Oriundo de Tegucigalpa, mi viejo iba a Comayagüela a comprar la ramita, pintada con esmalte de aceite color plateado. No acostumbraba comprarle a un proveedor único, gustaba de regatear, entre puesto y puesto de venta, buscando primero el tamaño y forma “ideales”, antes de iniciar el va y viene con el precio final. Yo al principio no lo notaba, pero luego vi que prefería comprar en los puestos que mostraban ser una actividad familiar, con adultos y jóvenes. Curiosamente, después de acordar un precio justo para él, siempre dejaba una propina, acompañada de un guiño (“para los cipotes”, agregaba), que era bien recibida por las manos cubiertas de pintura argentada del vendedor o vendedora.
Ya en casa, mi madre asumía la coordinación de “emperifollar” el “árbol”. Con firmeza, asignaba las tareas a cada uno de nosotros: unos a cargo de las luces, otros de colgar adornos y guirnaldas. Papá colocaba la estrella en lo más alto y ella, siempre ella, se hacía cargo de acomodar musgo y plantas en la base de la rama (los compraba el mismo día o días antes, conservándolos húmedos con papel periódico y agua).
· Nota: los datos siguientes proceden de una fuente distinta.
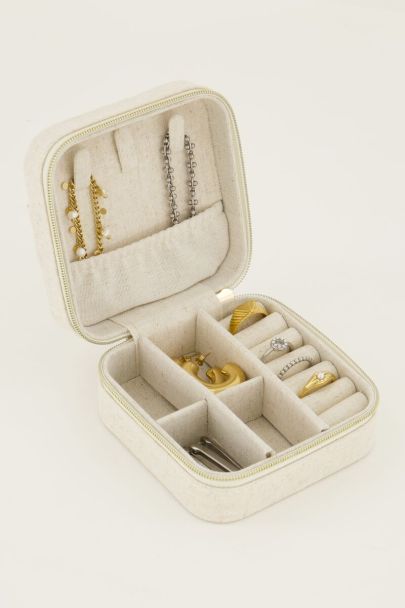 Mini boîte à bijoux beige en lin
Al pie de esa ramita, seca y arreglada con sencillez y primor, mis padres fomentaron la fe y creencia en algunos de los valores que rodean esta fecha tan especial, durante nuestra niñez y crecimiento: alegría, caridad y solidaridad. No obstante, quizás el lector o lectora observadora ya se han percatado en que “algo” faltaba en este cuadro de fin de año familiar.
Durante muchos años, no se instaló “nacimiento” en casa, básicamente por diferencia de creencias entre mi padre y mi madre: él no era creyente, ella sí. Portalitos había en las casas de las abuelas, pero no en la nuestra. Mi abuelo materno se esmeraba en crear una representación fiel de la Natividad, con las figuras antiguas de su propiedad. Era ya una tradición entre nosotros en diciembre ir a ver el “misterio del abuelo Miguel”, con todos sus detalles. Y así fue, hasta que perdió la vida en su hogar, a manos de delincuentes (hasta hoy impunes), un mes después de la Navidad de 1980.
Un año después, en la víspera de las fiestas de 1981, salimos -como acostumbrado- a comprar la ramita. Nuestro ritual familiar debía seguir y así fue. Pero ese año, la Navidad fue diferente en casa: por primera vez, habría una representación de la sagrada familia debajo del árbol plateado: con las figuras del “misterio” del abuelo. Así se amaban mi padre y mi madre, en medio de sus diferencias.